Plusieurs milliers de partisans de M. Guaido se sont ainsi retrouvés devant l’aéroport militaire de la Carlota pour appeler l’armée à laisser passer l’aide.
 

S’exprimant devant des milliers de ses partisans, M. Maduro a annoncé la rupture des relations diplomatiques avec « le gouvernement fasciste de Colombie » et donné 24 heures « à l’ambassadeur et aux consuls » pour quitter le Venezuela en lançant : « Dehors, les oligarques ! ».
 

Cependant, pour le président colombien Ivan Duque, traité de « diable » par M. Maduro, Juan Guaido est le seul chef de l’État vénézuélien en exercice : sur Twitter, sa vice-présidente, Marta Lucia Ramirez, a rappelé que « notre gouvernement n’a pas désigné d’ambassadeur [à Caracas] et ne reconnait pas celui de Maduro dont le mandat s’est achevé le 9 janvier » — à la veille de son deuxième mandat controversé.

Photo: Yuri Cortez Agence France-Presse S’exprimant devant des milliers de ses partisans, M. Maduro a annoncé la rupture des relations diplomatiques avec la Colombie.

Désertion

Pour bloquer l’entrée des convois, Caracas a ordonné la fermeture vendredi des trois principaux ponts frontaliers. Un quatrième, celui de Tienditas, était bloqué par l’armée depuis début février.
 

Défiant le leader chaviste, M. Guaido a bravé vendredi un ordre judiciaire lui interdisant de quitter le territoire national et affirmé que l’armée, pilier du régime chaviste, avait « participé » à cette opération.
 

Selon le ministre colombien, « plus de 60 militaires désarmés, dont plusieurs officiers, sont passés en territoire colombien et ont demandé refuge ».
 

L’un des militaires s’est présenté comme « le major Hugo Parra », en uniforme de la Force armée nationale bolivarienne.
 

« Je reconnais notre président Juan Guaido et je lutterai avec le peuple vénézuélien à chaque étape », a déclaré l’officier devant la presse.
 

Outre la fermeture des grands ponts avec la Colombie et celle de la frontière terrestre avec le Brésil, M. Maduro a suspendu les liaisons avec l’île néerlandaise de Curaçao, autre point de stockage de l’aide.

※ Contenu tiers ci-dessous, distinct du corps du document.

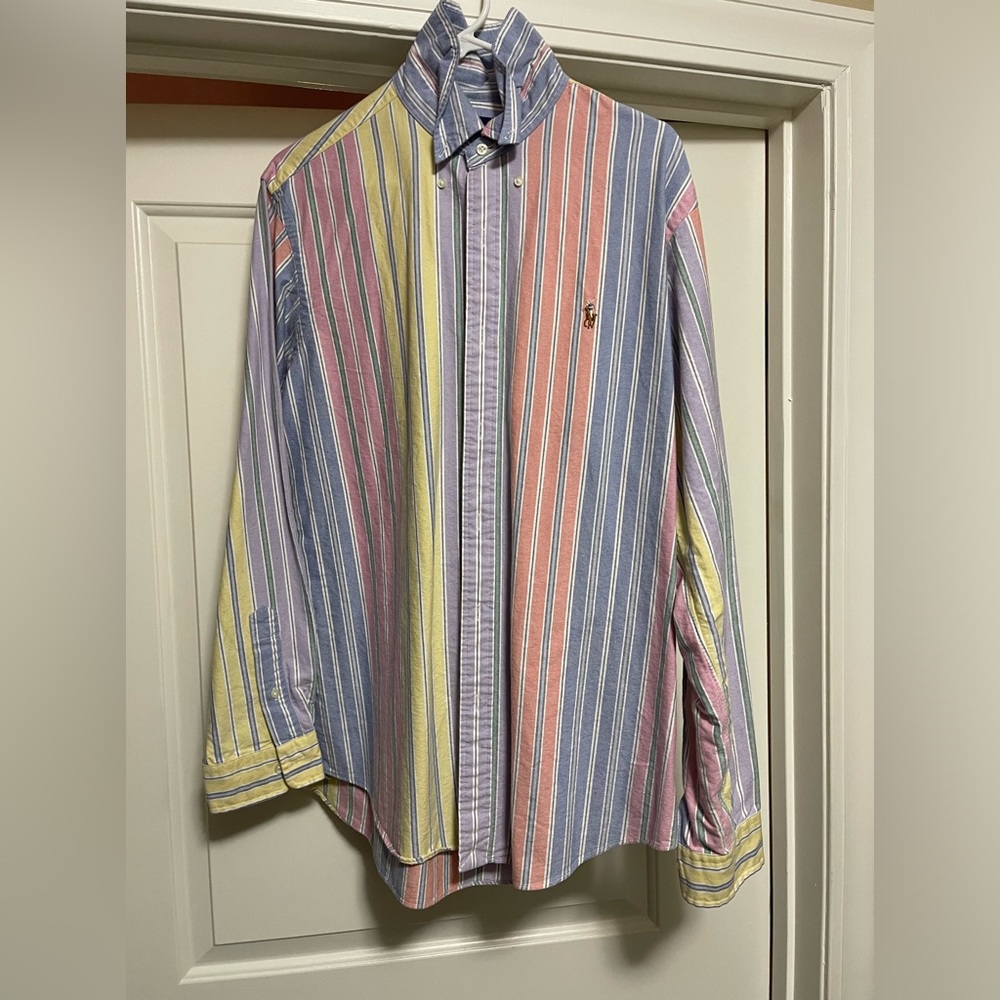 Adult Men Ralph Lauren Multi Color Button Down Oxford Shirt Size L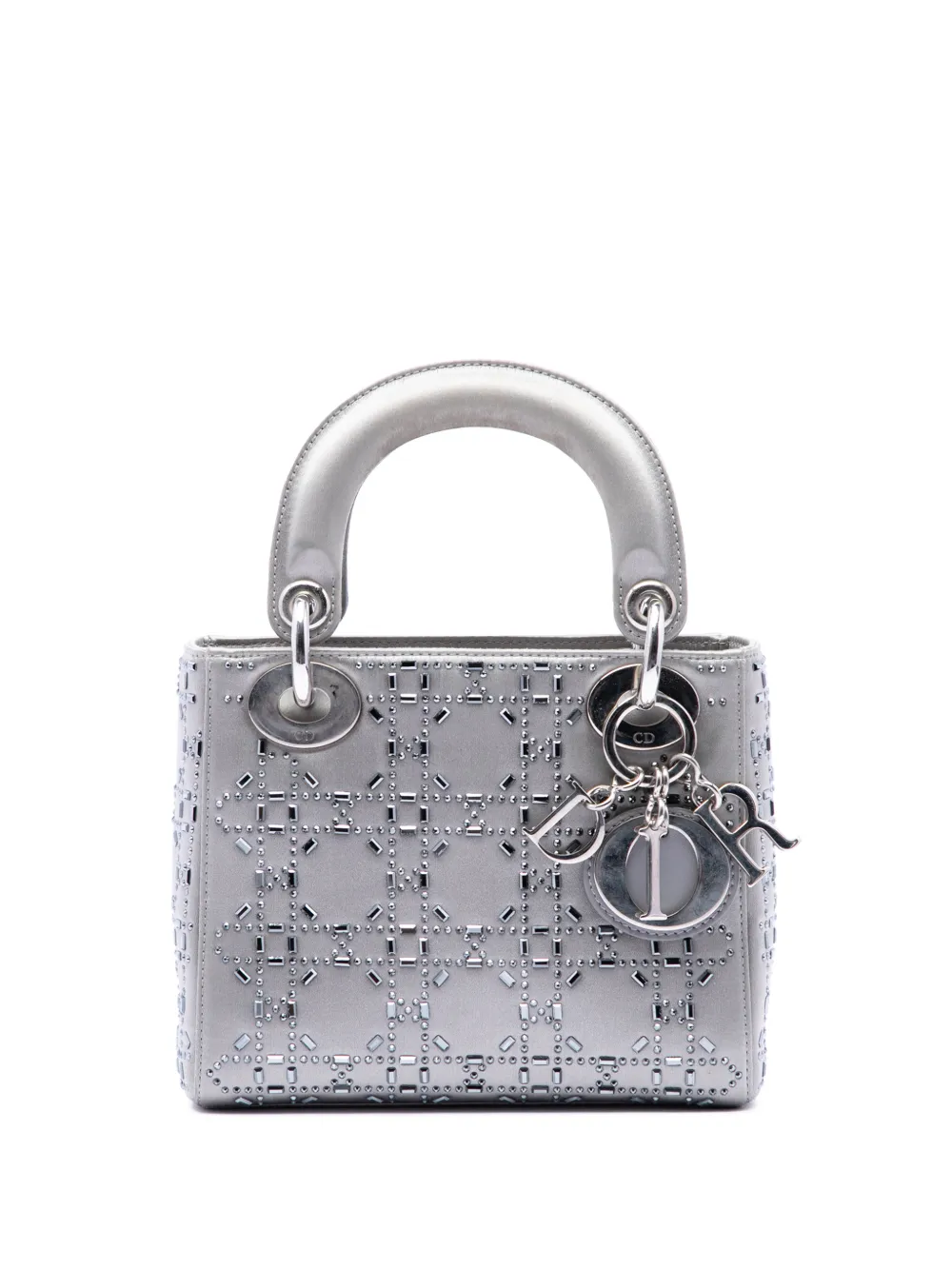 Christian Dior Pre-Owned 2016 Mini Satin Cannage Crystal Embellished Lady Dior satchel - Grigio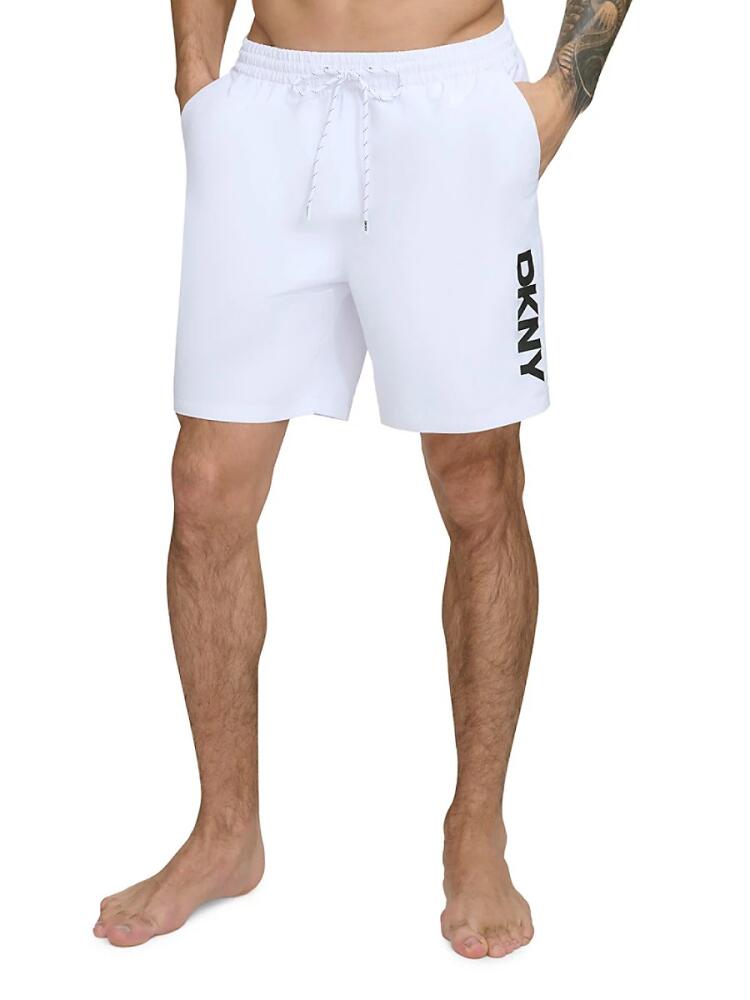 DKNY Men's Logo Standard Fit Swim Shorts - White Cover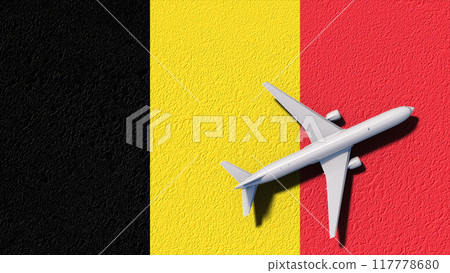 Belgium National Flag And Airplane Fly. Aircraft Flies To Country. Flight And Travel 3D Illustration Belgium National Flag And Airplane Fly. Aircraft Flies To Country. Flight And Travel 3D Illustration 117778680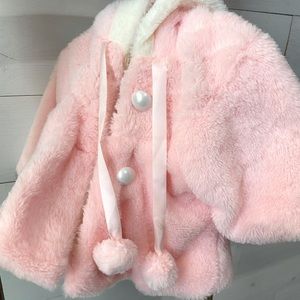 Fuzzy pink Bunny Ear jacket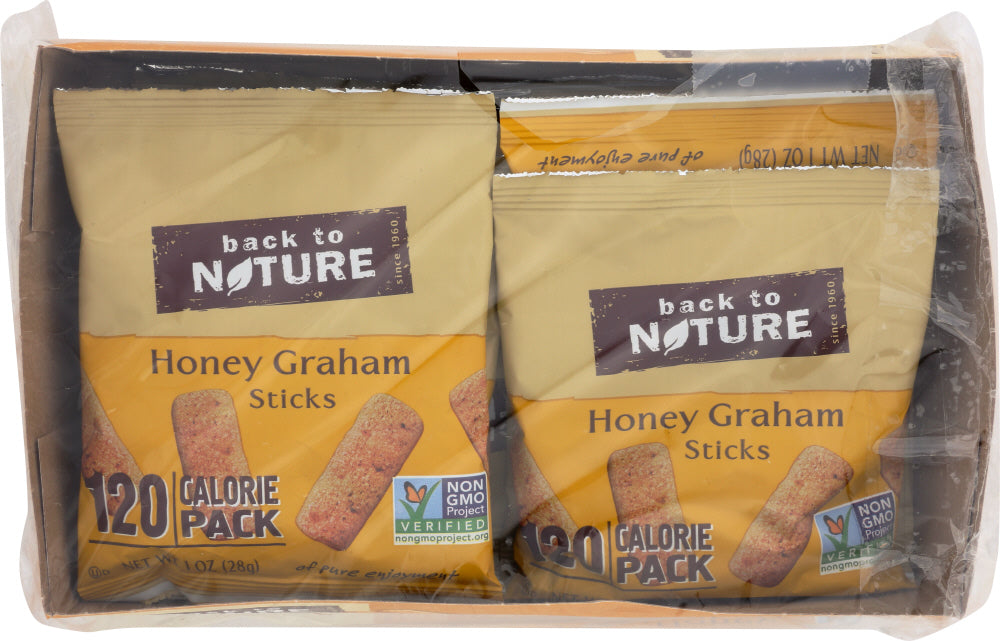 BACK TO NATURE: Grab & Go Mini Honey Graham Sticks Cookie 8-1oz, 8 oz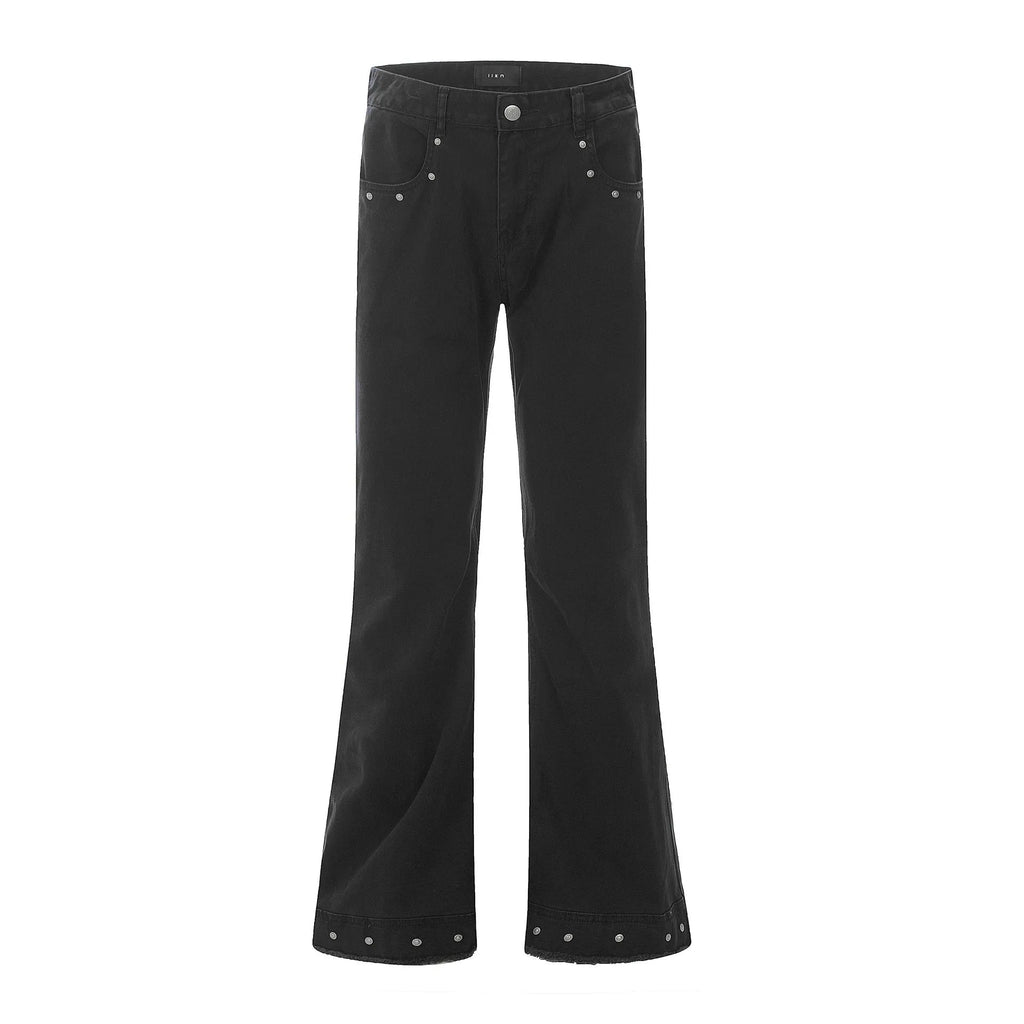 Cotton American retro skinny jeans in black colour with straight-leg trousers design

Le Canada réclame l’accès sans restriction de l’aide humanitaire

Le Canada a réclamé samedi « l’accès sûr et sans restriction » de l’aide humanitaire au Venezuela et s’est déclaré « profondément préoccupé » par les actes de violence visant à entraver son entrée dans le pays.
 

« Le Canada est profondément préoccupé par les actes de violence qui auraient été perpétrés par le régime Maduro afin d’empêcher l’entrée d’articles de secours à partir des pays voisins », ont déclaré la ministre des Affaires étrangères Chrystia Freeland et sa collègue du Développement international Marie-Claude Bibeau.
 

Ottawa « demande que ces attaques inadmissibles fassent l’objet d’une enquête et que leurs auteurs soient traduits en justice », ajoutent les ministres dans un communiqué, soulignant que « ces attaques visant des civils sont tout simplement inacceptables ».
 

Reprochant au régime Maduro d’entraver les efforts de distribution d’aide, les ministres relèvent notamment les « rapports inquiétants », selon lesquels « des intervenants du régime ont fait brûler l’aide plutôt que de permettre son acheminement aux personnes dans le besoin au Venezuela ».

« Au cours des deux dernières années, le monde a observé avec beaucoup d’inquiétude le Venezuela sombrer dans la dictature sous le règne de Nicolas Maduro. Comme de plus en plus de Vénézuéliens ont un besoin d’aide criant et qu’un grand nombre d’entre eux fuient le pays, il est plus évident que jamais que le régime Maduro doit permettre l’accès sûr et sans restriction de l’aide humanitaire au Venezuela », ajoutent les ministres.